Первые немецкие специалисты приехали в СССР еще в 1945 году. Фактически уже через день после капитуляции сюда прибыли немецкий ученый Герц и другие специалисты. А мой отец только осенью 1945-го появился в Лейпциге, где он до этого работал, и там пошел на контакт с советским комендантом. Где-то в это время Лейпунский писал письма Берии о том, что все работы, которые велись в ядерной области на тот момент в СССР, основывались на заграничных данных. И это было очень опасно.
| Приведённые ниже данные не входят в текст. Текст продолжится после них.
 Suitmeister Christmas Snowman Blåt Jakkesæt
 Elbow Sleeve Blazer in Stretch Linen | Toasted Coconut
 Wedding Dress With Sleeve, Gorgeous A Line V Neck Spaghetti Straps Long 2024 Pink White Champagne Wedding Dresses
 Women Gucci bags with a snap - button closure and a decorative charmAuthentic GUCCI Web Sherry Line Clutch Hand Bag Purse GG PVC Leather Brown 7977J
Нужно было начинать работать над проблемами в Советском Союзе, готовить своих специалистов, чтобы появились свои достоверные данные, на которых можно строить дальнейшие планы. Мой отец был именно физик-ядерщик. Один из немногих. Потому что Густав Герц, Петер Тиссен, Манфред Арденне — все были хорошими физиками, но не ядерщиками. И поэтому перед отцом была поставлена задача — провести те необходимые исследования по ядерной физике, которые нужны были как основа для атомной бомбы, для атомной станции, для других реакторов.
Немцы привезли в Обнинск фаустбол — игру, похожую на волейбол, в которую играют кулаками. Но она не прижилась. Чего нельзя сказать про большой теннис. В него с удовольствием играли и советские ученые. А рядом с ФЭИ до сих пор стоят несколько больших теннисных площадок, созданных немецкими физиками.
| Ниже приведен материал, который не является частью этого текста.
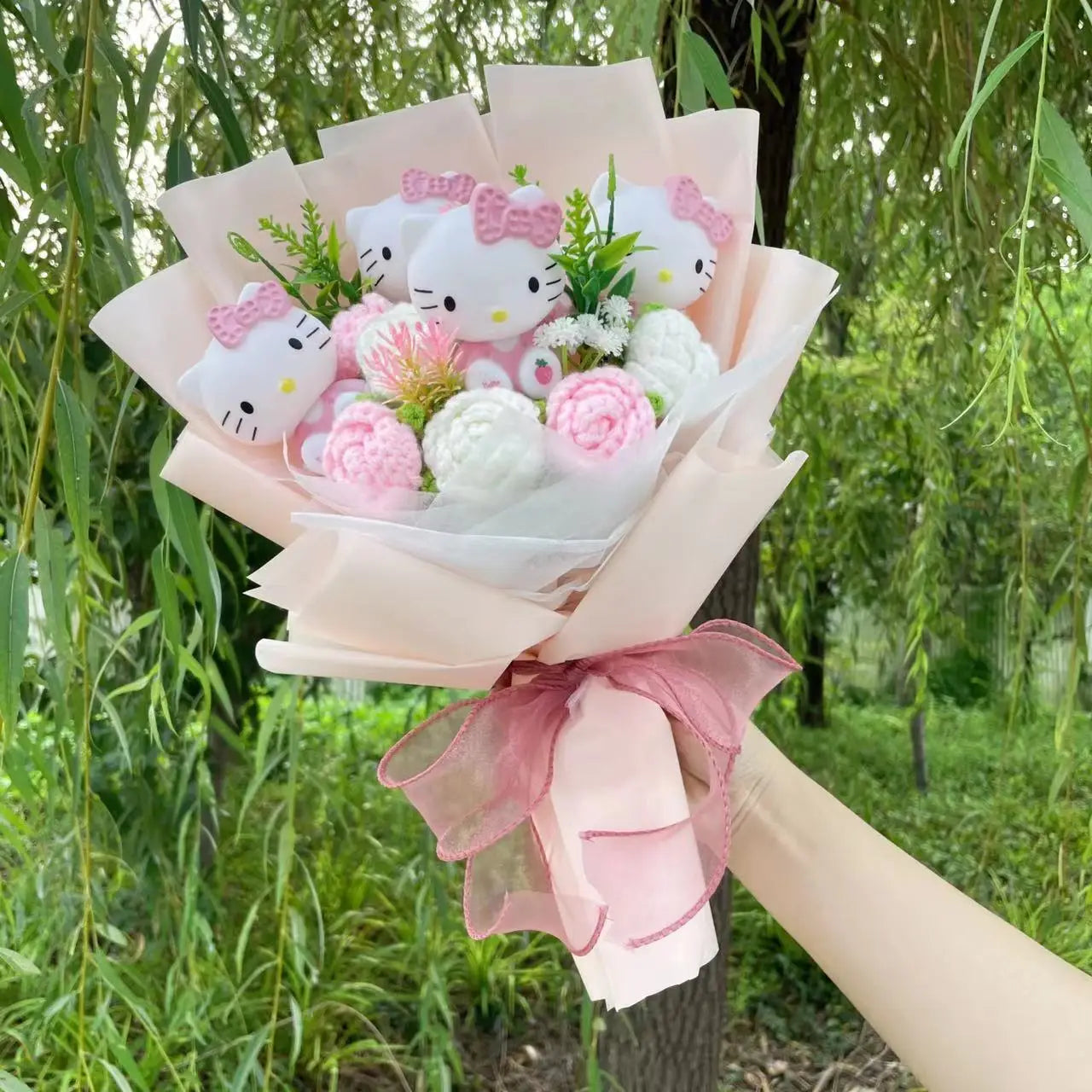 Cartoon Vinyl Doll Hello Kitty Kulomi Melody With Artificial Flower Creative Bouquet Christmas Valentine Birthday Gifts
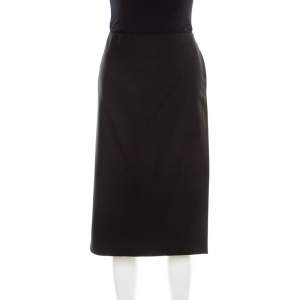 Hermes Black Wool Fold Over Front Pencil Skirt L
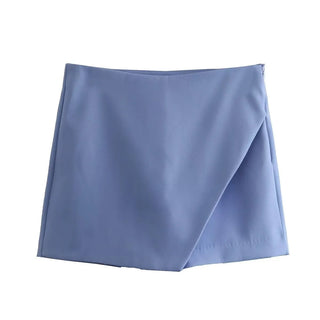 Asymmetrical Back Pockets Skorts Shorts - Diva Melody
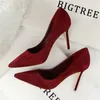 Geklede Schoenen Plus Size 34-43 Vrouw Beknopt Kantoor Mode Puntschoen Vrouwen Pompen Flock Ondiepe Hoge Hakken Dames Feest 9 Cm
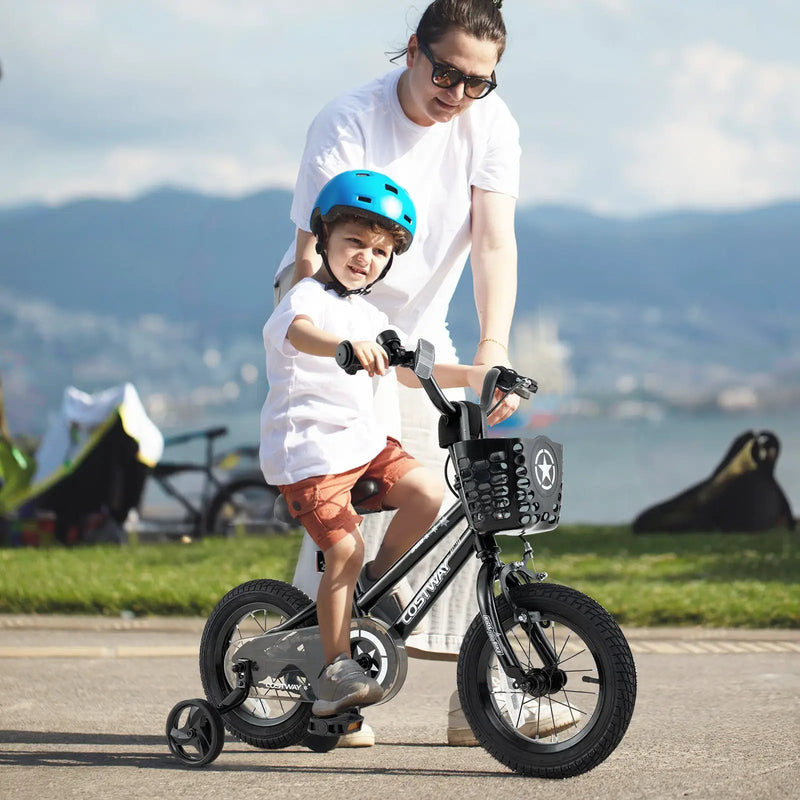 Kids Bike 12 Inch with Training Wheels and Basket by DirectDeals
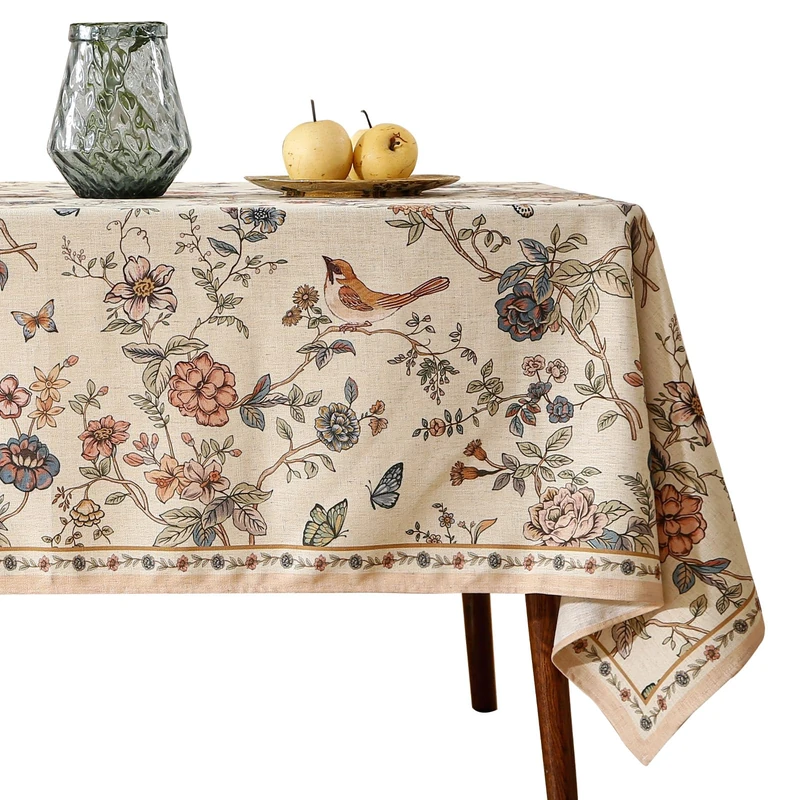 ISAENNE Designer French Linen Rectangular Tablecloth,87"x55"-Cornucopia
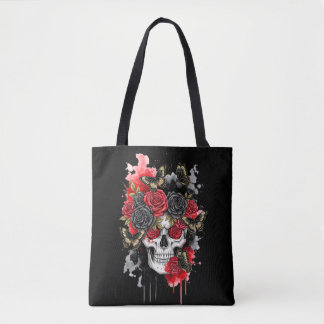 Dark the Legacy – Gothic Skull & Rose Tote Bag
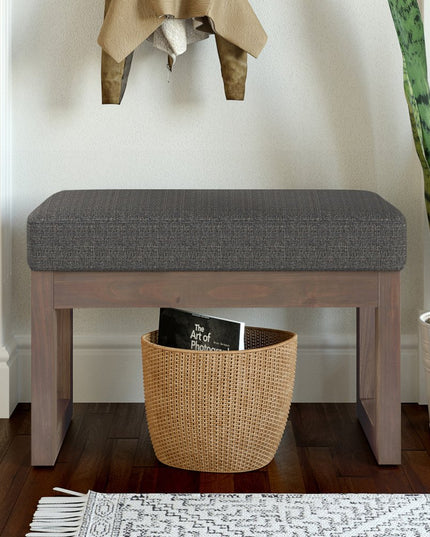 27" Ebony and Brown Fabric Footstool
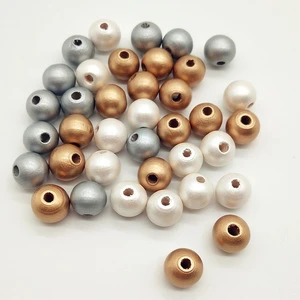 DIY 8/10/12mm Gold Silver Natural Wooden Beads Round Ball Loose Wood Spacer Beads For Jewelry Making Accessories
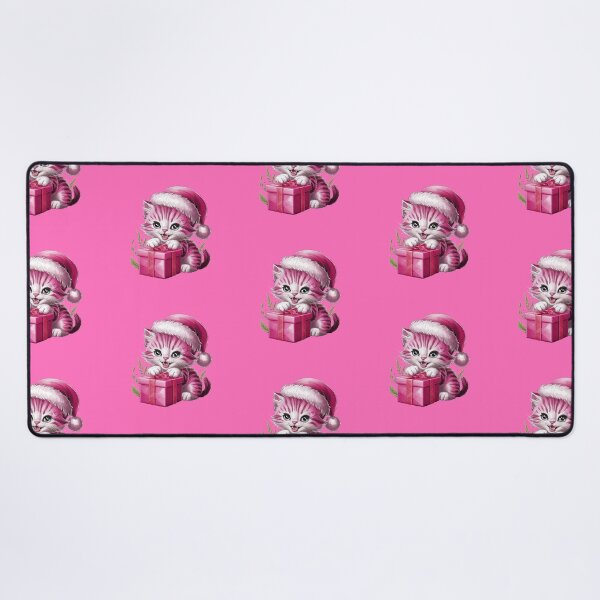 Item preview, Pink Christmas Kitty Playing With Present | Pink designed and sold by PinkGoddessLove.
С одной стороны, да, ядерное оружие было приоритетом. Но основы — они общие, они не зависели от того, что с ними будут делать. Они просто нужны были для понимания всей этой физики, на которой строится уже техника, технология и т. д. И это, я так понимаю, была задача именно немецкой группы — наряду, конечно, с работами, которые велись в Союзе. К тому времени уже была лаборатория номер два, где такие ученые, как Флеров и другие, работали над этими проблемами. Но нужно было, по-видимому, усилить эту фундаментальную базу.
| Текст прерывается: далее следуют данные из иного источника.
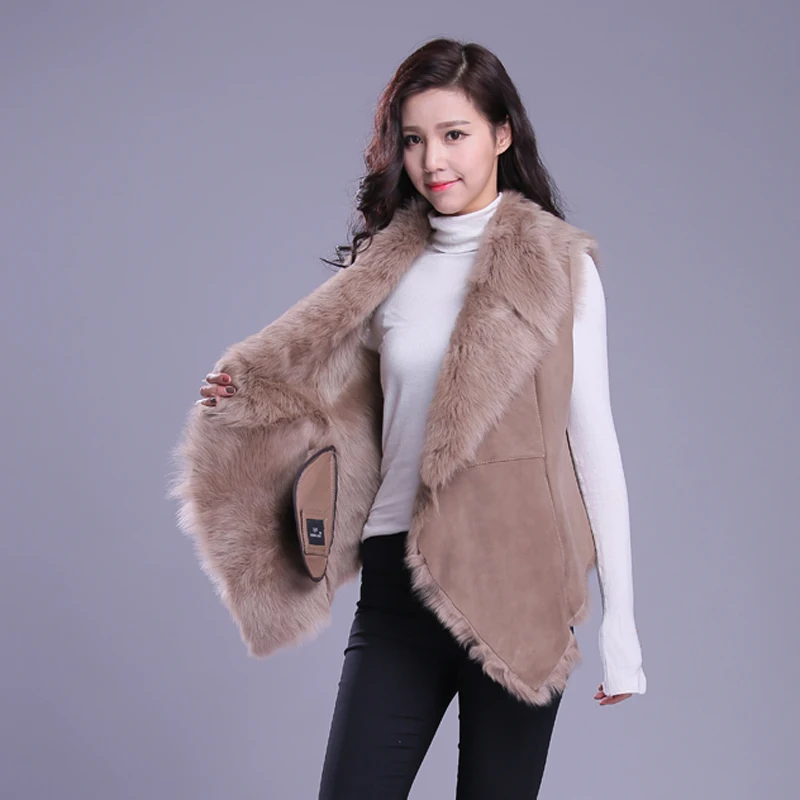 Fur Vest Women Shearling Jacket Fur Coat Tuscany wool Outerwear TJ004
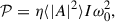 Mathematical equation: $$ \begin{aligned} \mathcal{P} = \eta \langle |A |^2 \rangle I \omega _0^2, \end{aligned} $$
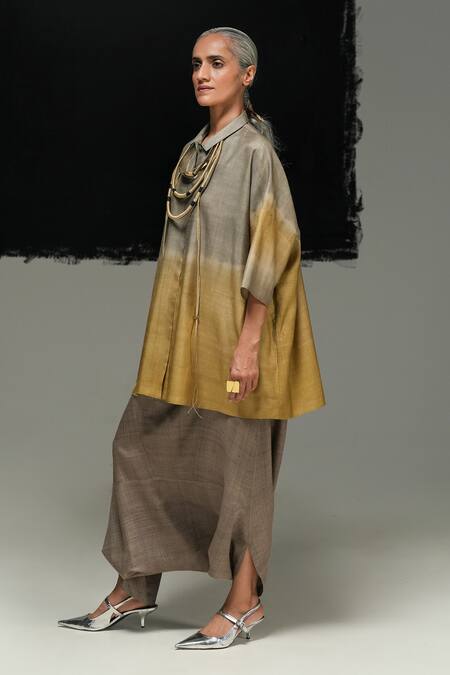 Buy Urvashi Kaur Gray Ramie, Linen Designer Pant Online at Aza Fashions Buy_Urvashi Kaur_Gray Ramie, Linen Designer Pant _Online_at_Aza_Fashions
Немецкие специалисты проработали в Обнинске с 1946 по 1952 год. В 1949 году была взорвана первая советская атомная бомба, аврал немножко утих, и можно было подумать, нужны ли они еще. Немецких специалистов — как из нашего института, так и с других объектов — стали отпускать на родину, и в течение нескольких лет все они вернулись в Германию. Мой отец остался. Он все-таки был физик-ядерщик. Его интересовали исследования, и он понимал, что если вернется в Германию (а для него имело смысл возвращаться только в Восточную Германию), то там он должен будет снова что-то создавать. А в Советском Союзе он мог воспользоваться уже существующими институтами, коллективами. И он просил остаться здесь. Ему предложили несколько вариантов, и он выбрал лабораторию ядерных проблем в Дубне (тогда это было еще Иванково). В 1955 году вся наша семья переехала в Дубну.
Прошло много лет, я получил образование, тоже стал физиком, переехал в ГДР, но волею судьбы спустя десятилетия снова вернулся в Дубну и возглавил лабораторию вычислительной техники и автоматизации в институте ядерных исследований — в том самом институте, где 35 лет назад работал мой отец.